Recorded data
....

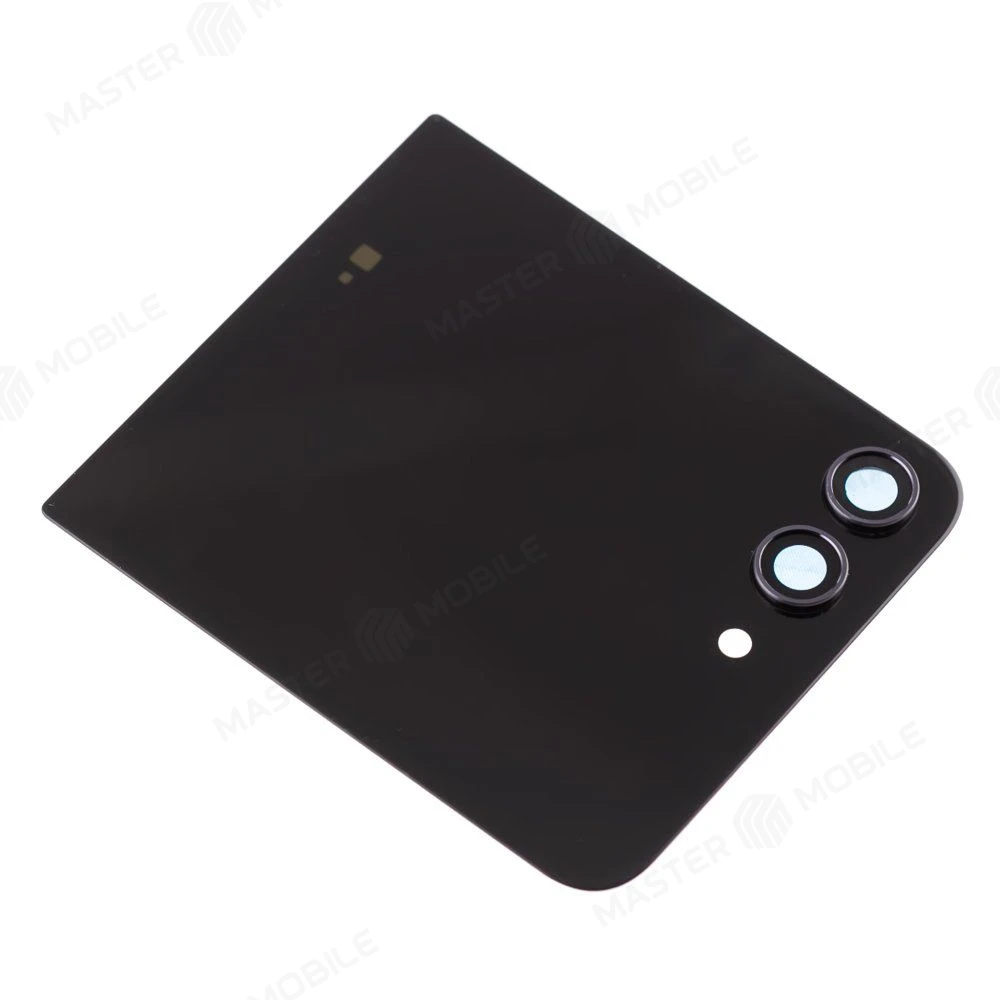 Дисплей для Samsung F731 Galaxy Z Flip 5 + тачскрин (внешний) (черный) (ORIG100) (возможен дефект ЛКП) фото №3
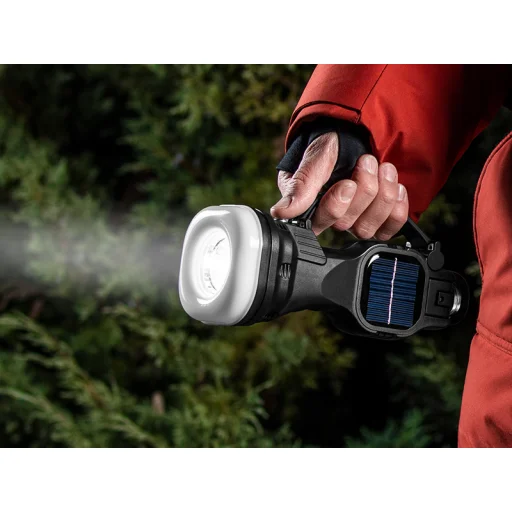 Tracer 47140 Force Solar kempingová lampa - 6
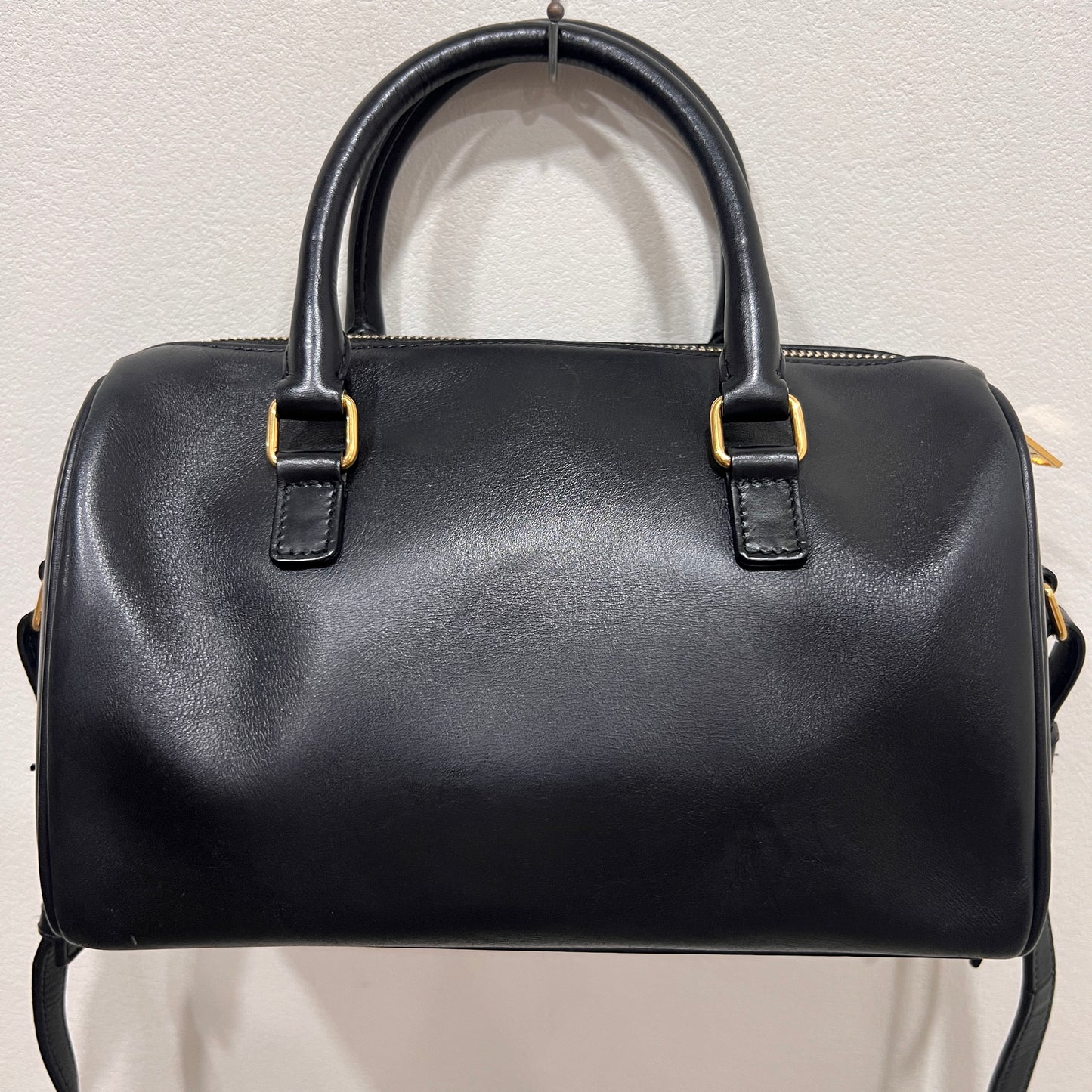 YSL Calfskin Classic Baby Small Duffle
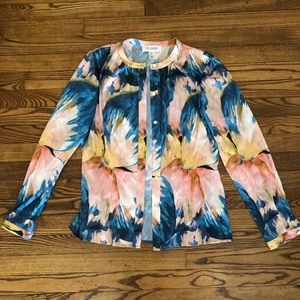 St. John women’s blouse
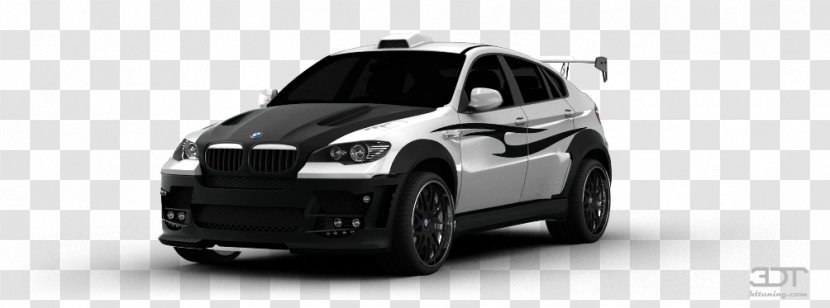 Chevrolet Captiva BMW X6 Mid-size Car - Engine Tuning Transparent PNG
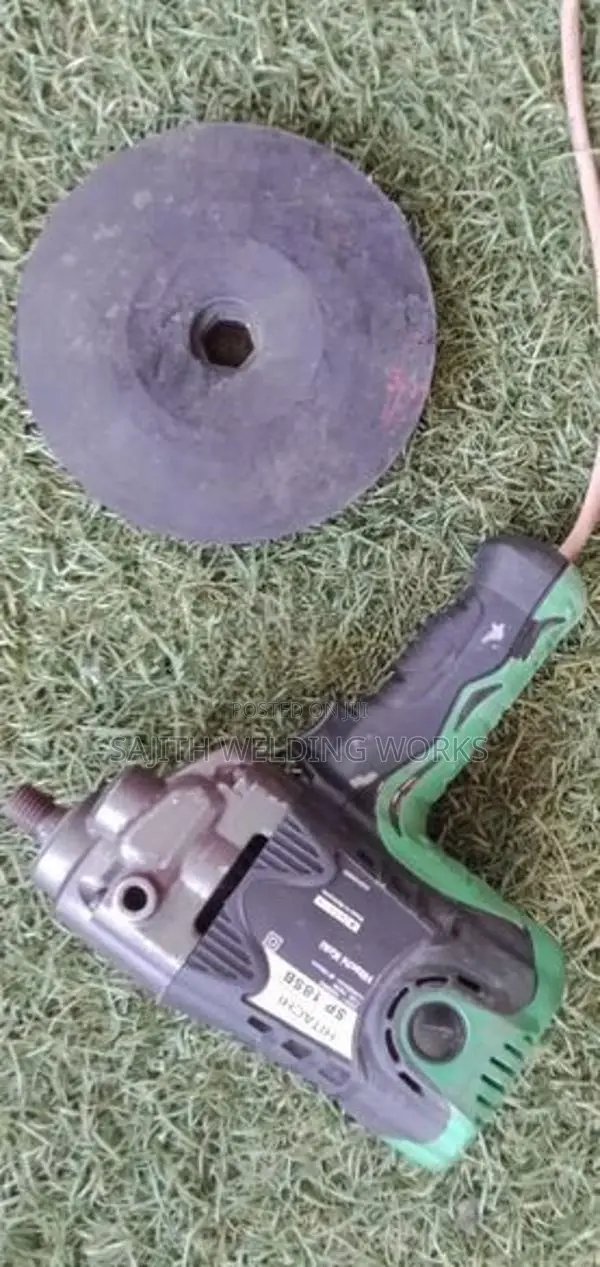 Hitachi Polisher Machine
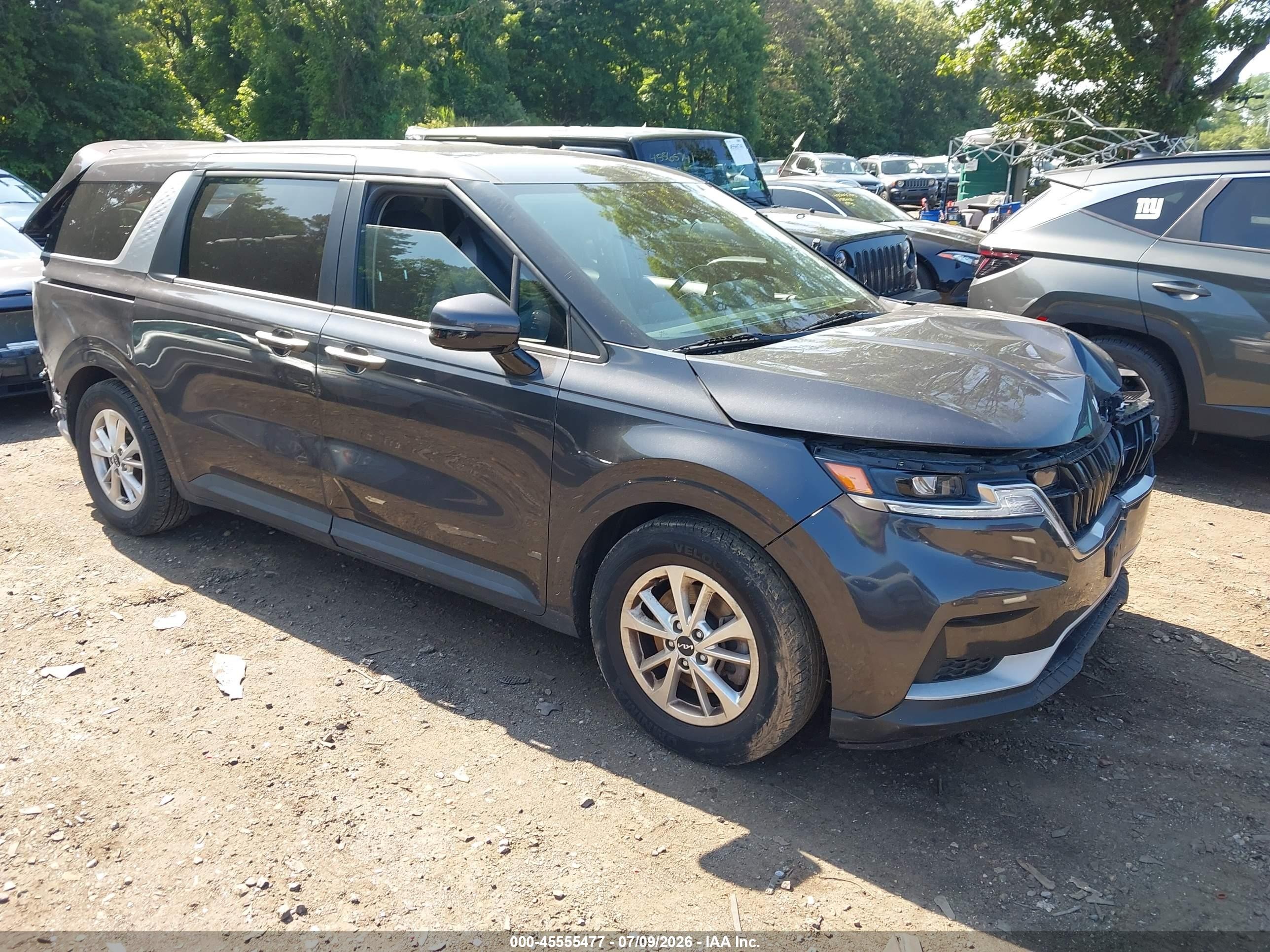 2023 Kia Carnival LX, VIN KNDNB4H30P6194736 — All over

....

§ **What you will do**
Each entry above is to be written out exactly. The pictures stay out.

§ **Answer area**
 Дисплей для Samsung F731 Galaxy Z Flip 5 + тачскрин (внешний) (черный) (ORIG100) (возможен дефект ЛКП) фото №3
 Tracer 47140 Force Solar kempingová lampa - 6
 YSL Calfskin Classic Baby Small Duffle
 St. John women’s blouse
 Chevrolet Captiva BMW X6 Mid-size Car - Engine Tuning Transparent PNG
 Hitachi Polisher Machine
 2023 Kia Carnival LX, VIN KNDNB4H30P6194736 — All over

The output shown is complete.